Requirement
Return each line of the data below exactly, omitting any pictures.

Stored data
****************************************

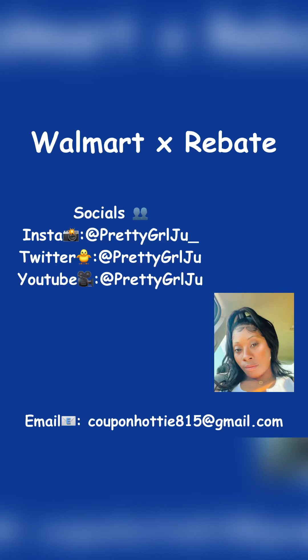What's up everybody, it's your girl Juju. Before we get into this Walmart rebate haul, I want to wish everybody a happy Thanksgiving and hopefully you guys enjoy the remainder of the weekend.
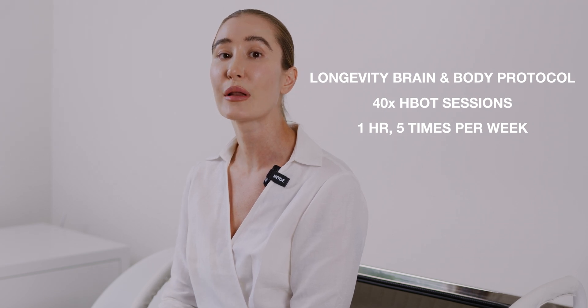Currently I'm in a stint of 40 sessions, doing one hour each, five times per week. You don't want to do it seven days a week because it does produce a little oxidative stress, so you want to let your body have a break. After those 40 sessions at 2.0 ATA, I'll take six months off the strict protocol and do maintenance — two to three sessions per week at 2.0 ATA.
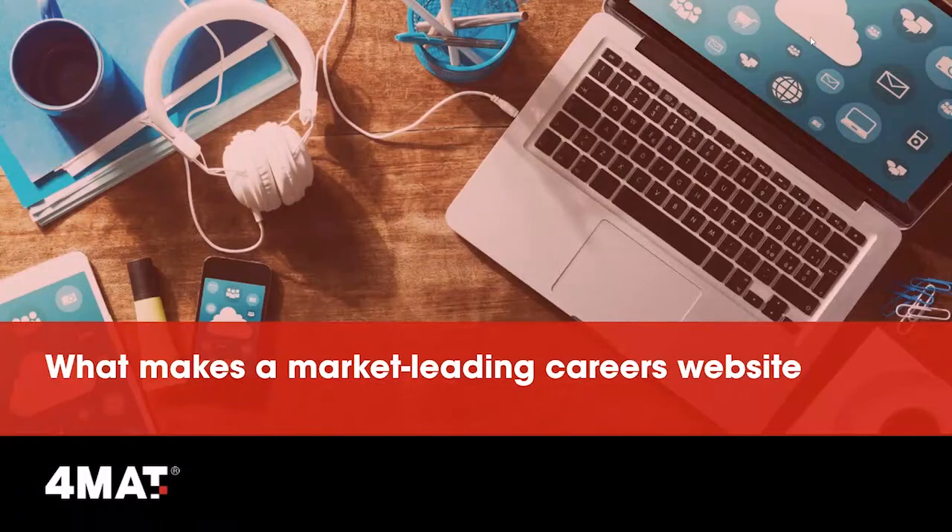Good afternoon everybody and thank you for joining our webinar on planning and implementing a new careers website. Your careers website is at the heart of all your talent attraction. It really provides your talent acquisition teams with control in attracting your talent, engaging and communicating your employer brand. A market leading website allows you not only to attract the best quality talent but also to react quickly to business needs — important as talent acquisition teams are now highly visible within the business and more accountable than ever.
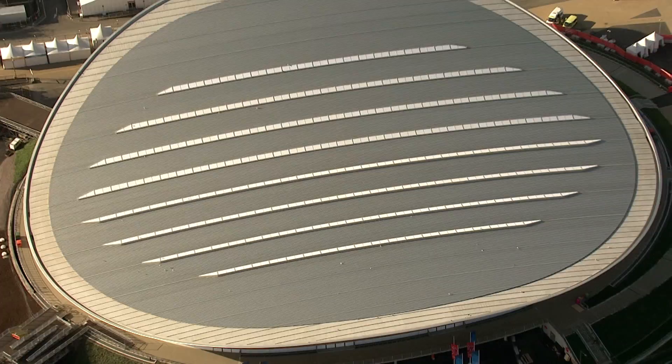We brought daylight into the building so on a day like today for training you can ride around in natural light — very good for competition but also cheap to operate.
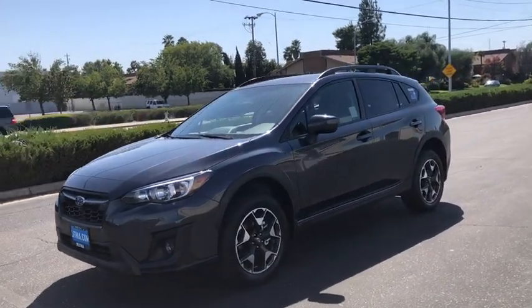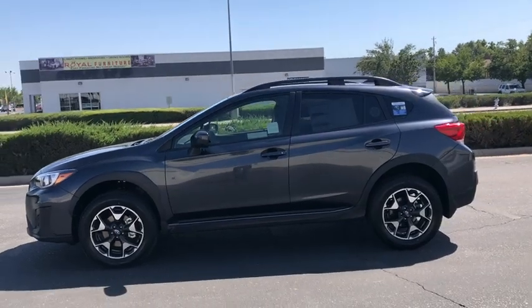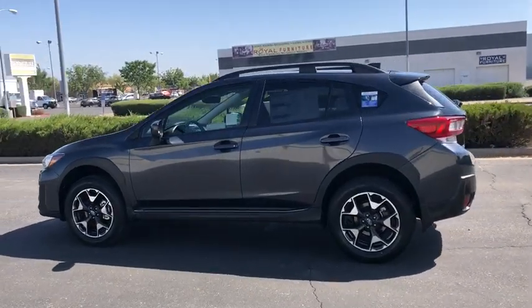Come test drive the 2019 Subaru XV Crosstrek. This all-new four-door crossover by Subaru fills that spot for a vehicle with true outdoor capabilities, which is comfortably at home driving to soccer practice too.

****************************************

Result for this exercise
What's up everybody, it's your girl Juju. Before we get into this Walmart rebate haul, I want to wish everybody a happy Thanksgiving and hopefully you guys enjoy the remainder of the weekend.
Currently I'm in a stint of 40 sessions, doing one hour each, five times per week. You don't want to do it seven days a week because it does produce a little oxidative stress, so you want to let your body have a break. After those 40 sessions at 2.0 ATA, I'll take six months off the strict protocol and do maintenance — two to three sessions per week at 2.0 ATA.
Good afternoon everybody and thank you for joining our webinar on planning and implementing a new careers website. Your careers website is at the heart of all your talent attraction. It really provides your talent acquisition teams with control in attracting your talent, engaging and communicating your employer brand. A market leading website allows you not only to attract the best quality talent but also to react quickly to business needs — important as talent acquisition teams are now highly visible within the business and more accountable than ever.
We brought daylight into the building so on a day like today for training you can ride around in natural light — very good for competition but also cheap to operate.
Come test drive the 2019 Subaru XV Crosstrek. This all-new four-door crossover by Subaru fills that spot for a vehicle with true outdoor capabilities, which is comfortably at home driving to soccer practice too.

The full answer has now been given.